Putin’s Russia: The Nature and Contradictions of the Regime
Volume 14, Issue 1 (2016), pp. 119–138
Pub. online: 9 December 2016
Type: Article
Open Access
Published
9 December 2016
9 December 2016
Abstract
The article surveys public information which casts doubt on the traditional definition of Vladimir Putin’s regime as the “Power Vertical” concept; i.e. the assumption of the same chain of reasoning that it was Putin who created this regime and that the beginning of its creation should be identified with Putin’s coming to power in Russia in 2000 is also questioned. The article attempts to substantiate the fact that processes resulting in what we now call the Putin regime began well before the collapse of the Soviet Union and were developing in Russia throughout the entire period of the so-called Boris Yeltsin’s democracy.
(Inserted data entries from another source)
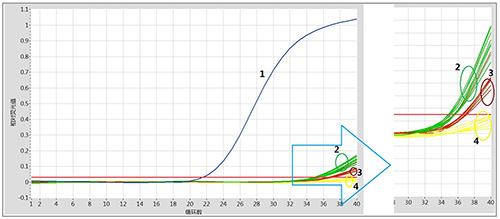 冻干非洲猪瘟实时荧光PCR检测试剂盒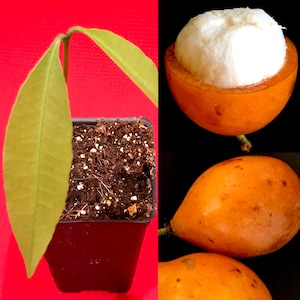 May include: A small potted plant with two green leaves growing from the soil. The plant is in a black plastic pot. The image also shows three whole and one halved fruit with a white, fluffy interior. The fruit is orange and has a smooth, shiny skin.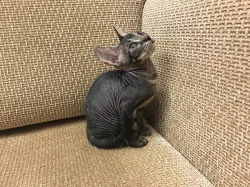 Don Sphynx kocicka s PP k prodeji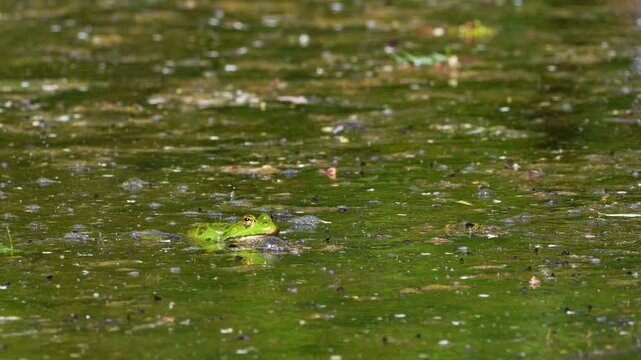 Common frog, Rana temporaria, reptiles croaking in the water, also known as the European common frog or European grass frog is a semi-aquatic amphibian of the family Ranidae 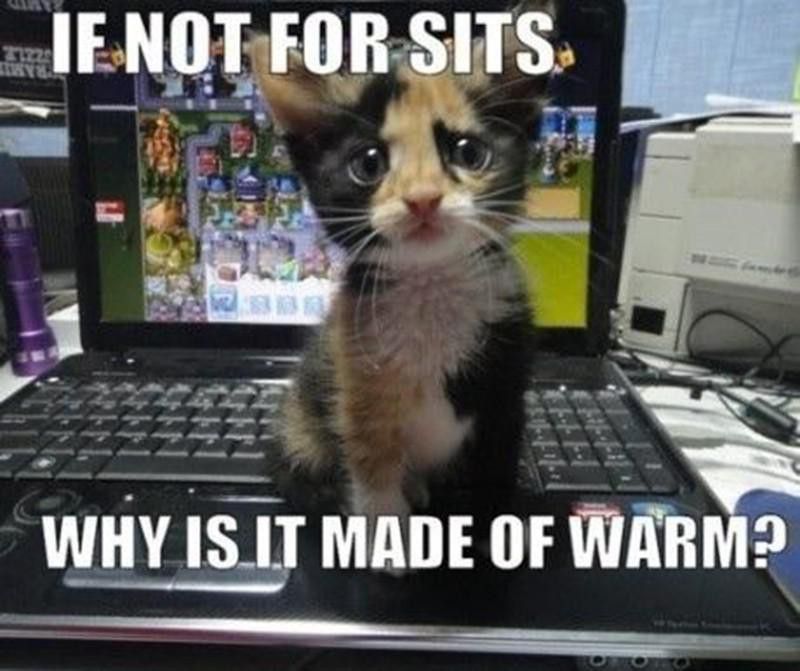 Cat sitting on a laptop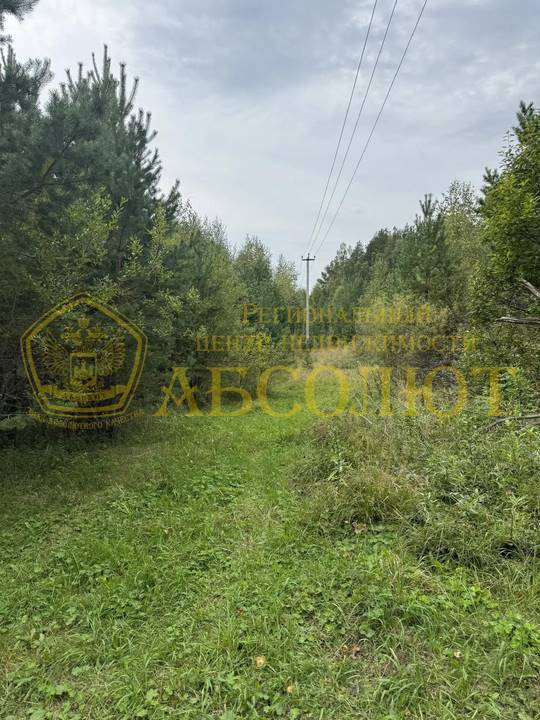 Петровские дачи, 3337 Региональный центр недвижимости АБСОЛЮТ 195133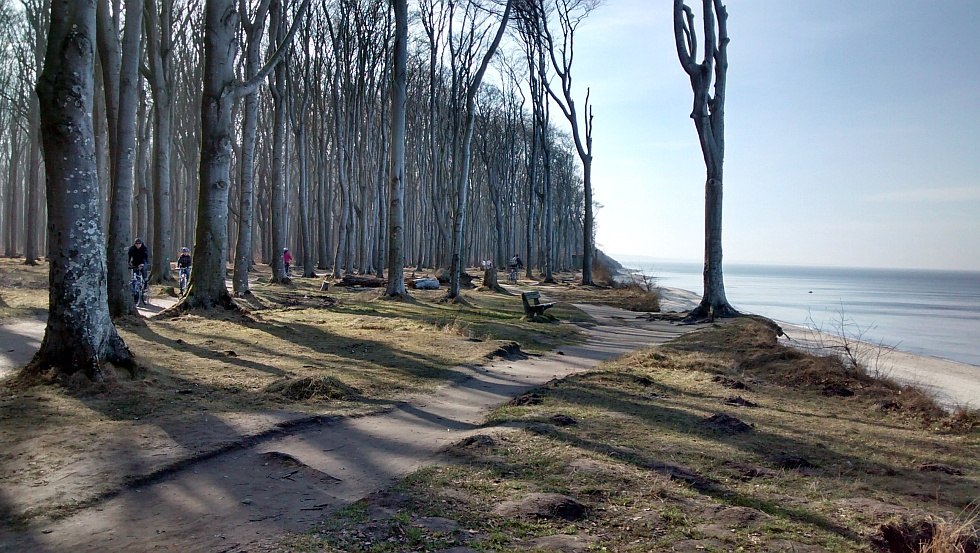 Ein Rad- und Wanderweg führt entlang der Steilküste durch den "Gespensterwald" // © Fischer/MV-T Ein Rad- und Wanderweg führt entlang der Steilküste durch den "Gespensterwald" // © Fischer/MV-T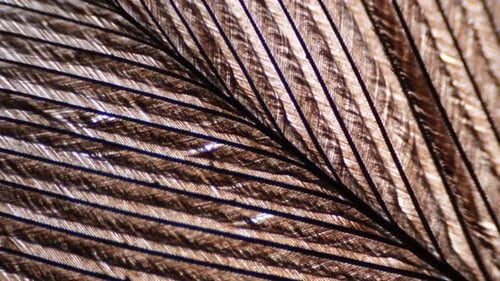 Brown colored feather under microscope. Close up view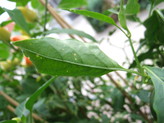 [Ancho Mulato]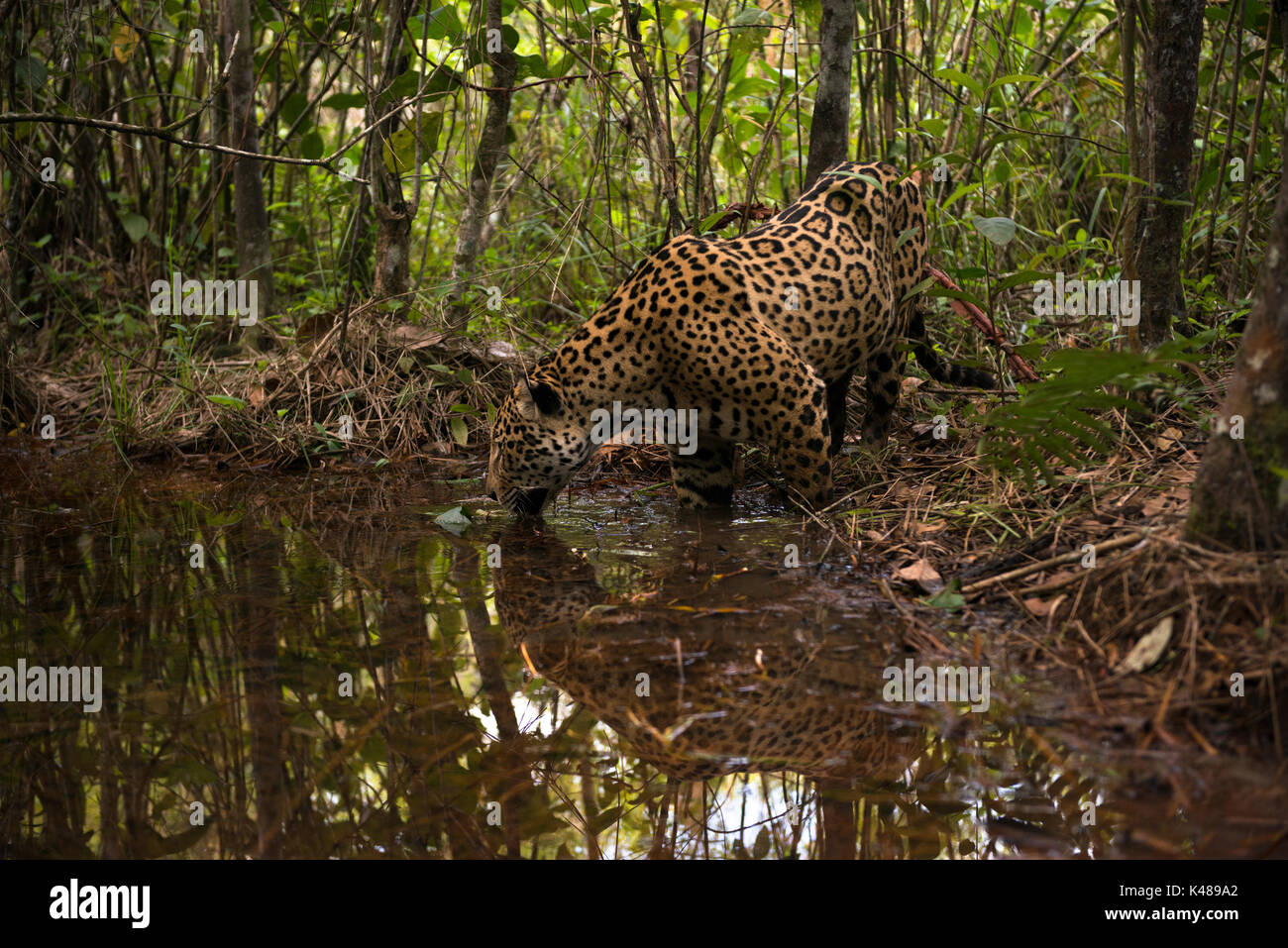 Un Jaguar explore un petit ruisseau d'eau à l'intérieur d'une forêt dans le centre du Brésil Banque D'Images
They are related to the Soviet Union reformation plans of the KGB secret service, considered as omnipotent even in the Soviet Union itself, to the redistribution of assets after the collapse of the Soviet Union and to people who were either specially trained for the mentioned reformation of the USSR or were themselves KGB representatives; now it is they who are established in the highest echelons of Russia’s power. The objective of this article is to reveal the side of the nature of the Putin regime which considerably changes the customary picture.